While Harvard is still molding promising undergraduate material into men and women of whom we can all be proud, it is doing so in spite of the general drift toward lower standards and the politically and socially motivated tampering of recent years. Thanks are due to the many students--liberal, conservative, white or black--who still come here to learn and to develop their minds, and to those members of the faculty, at all levels, who still take their teaching roles seriously. My hat is off to both groups; they are the ones who keep Harvard a great institution.

And it undoubtedly is. While I have had to earn my bread as a political writer for most of my adult life, I have always paid for wine and dessert by writing on history, humor and the arts. And Harvard today is still crackling with creative energy as well as being steeped in history. Once you find your way around, it is an unfailing source of treasures, pleasures and surprises...many of them living people. Nor is it possible for the old stones and bricks of Harvard Yard, the dormitories, the classrooms, the libraries and the churches, to have witnessed so much over the generations without absorbing a kind of warmth and life of their own--along with several layers of seemingly ineradicable grime. Just to tread across the Yard, basking in that rich past housing a living tradition that no amount of mismanagement and folly can undo is always a moving sensation, even when one faces the constant peril of beaning at the hands of the student body's countless spastic frisbee hurlers.

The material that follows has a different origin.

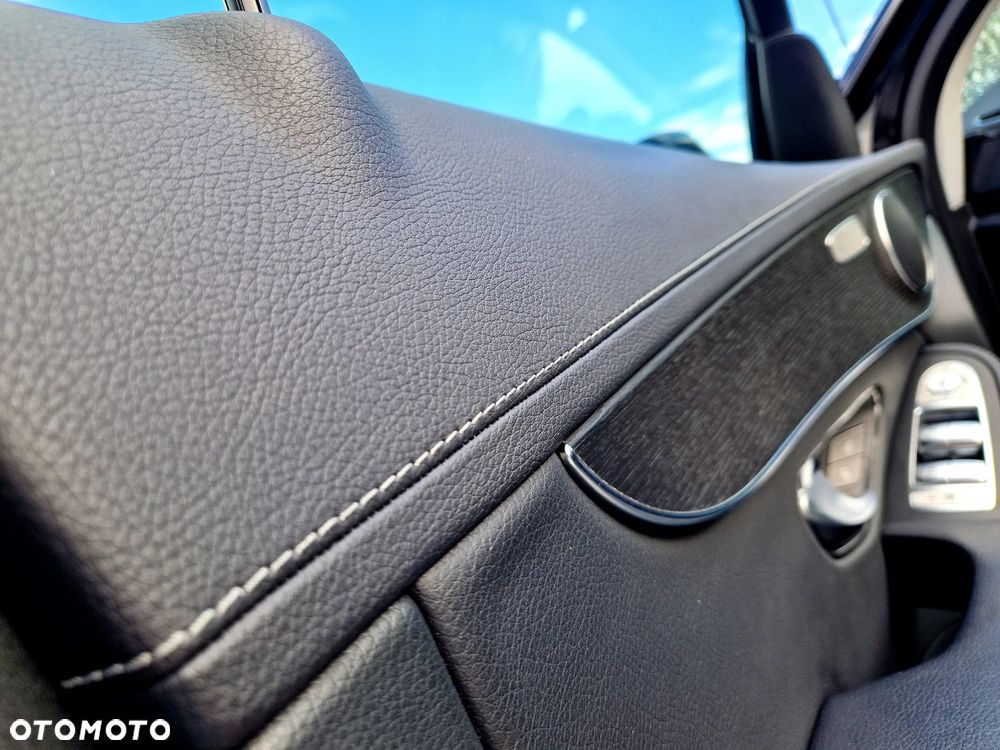 Mercedes-Benz GLC - 22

Not to mention the dogs, and what dogs they are! If science still needs proof that "dumb" animals are able to communicate with one another, let science come to Harvard Yard. For what other explanation can there be for the scroungy but lovable legion of mutts, thoroughbreds and scarcely recognizable quadrupeds that populate the sacred grove? Word of mouth (or muzzle) is the only possible answer. The canine message seems to have reached every indigent hound in New England: "If you're looking for friends, shelter and stimulating company, Harvard's the place." And, except for their rather cavalier attitude toward the sanctitiy of the sidewalks, it seems to me that it is the dogs, far more than either the students or faculty, who could serve us all as a model for good citezenship and good fellowship. If they occasionally snarl or squabble over a bone, the battle is short and direct and the motive far more pressing than tenure or trendiness. If some of them are not too bright, they make no effort to veil the fact under layers of cant and credentials. And, on the whole, they seem to be the only individuals in Cambridge who really enjoy themselves most of the time. Long life and good times to them; may they always be there, in the Yard, to keep us from losing sight of the obvious and the eternal in our constant grasping for the rarefied and ephemeral!

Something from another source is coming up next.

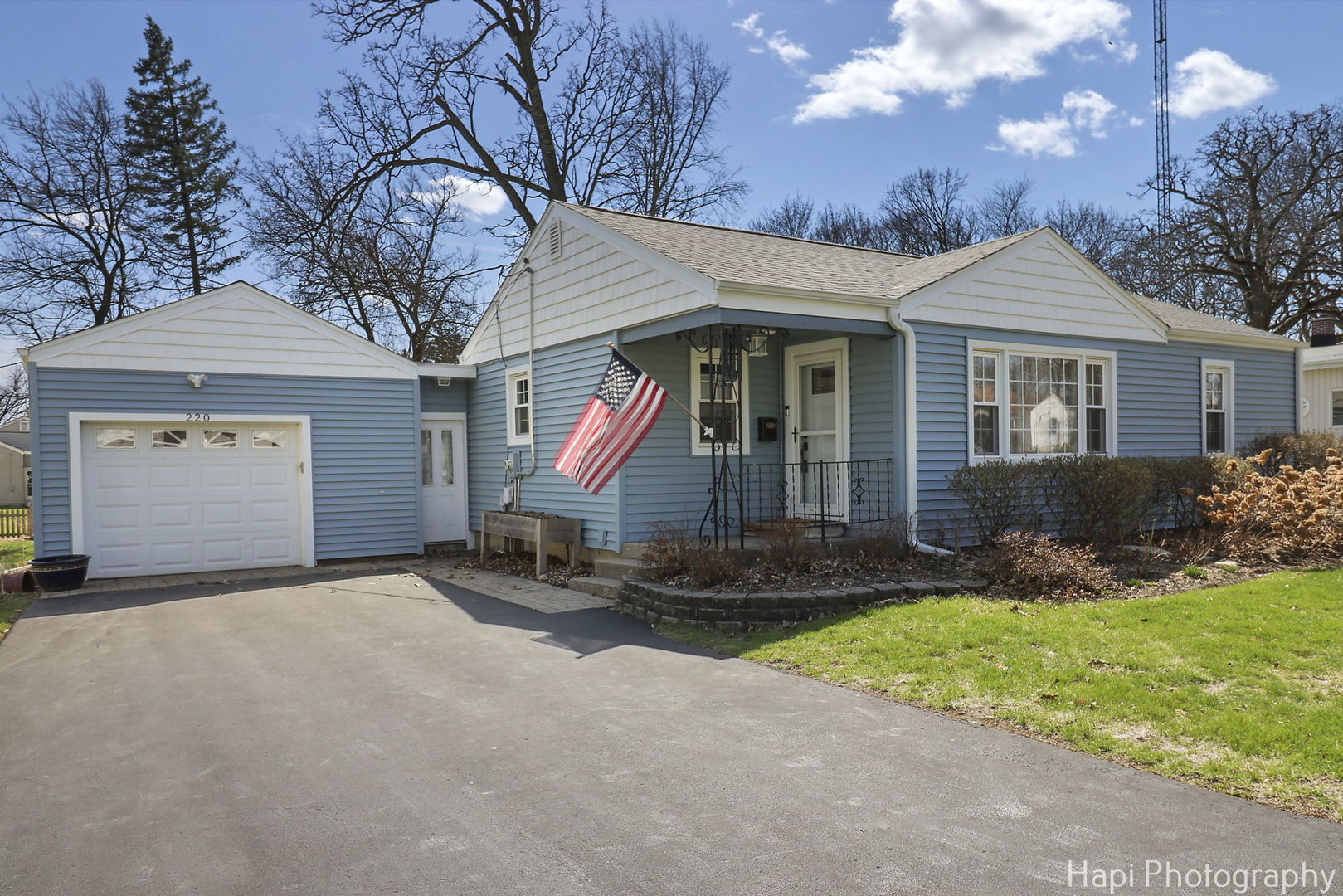 220 Lewis Avenue Property Photo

Perhaps the degree of our satisfaction with a place or an experience is directly dependent on how much we expect to gain from it in the first place. Speaking personally, my semester at Harvard was both enjoyable and satisfying, but I came here with my eyes open, not expecting immortal truths and revelations to fall into my lap every time I shook the academic tree. It is an attitude I heartily commend to all incoming freshmen for, as a sage old British friend once told me, "The only place one is likely to find the Philosopher's Stone is in the gallbladder of a bilious pedant." What I sought during my stay at Harvard was not Veritas (how many of us would recognize that rare commodity even if we did come face to face with it?), but an opportunity to learn a little, teach a little, reflect a little and read, write and converse a lot. I couldn't have chosen a better place, and, for all my cavils about Harvard, I have come to love it in my way and know that once I am back in Washington, I'll miss the old place...especially the dogs.

Aram Bakshian Jr. has been a fellow at the Institute of Politics this semester. He has served as a speechwriter to Presidents Nixon and Ford and written on politics, history and the arts for publications including National Review, The New York Times, National Observer, and Newsday.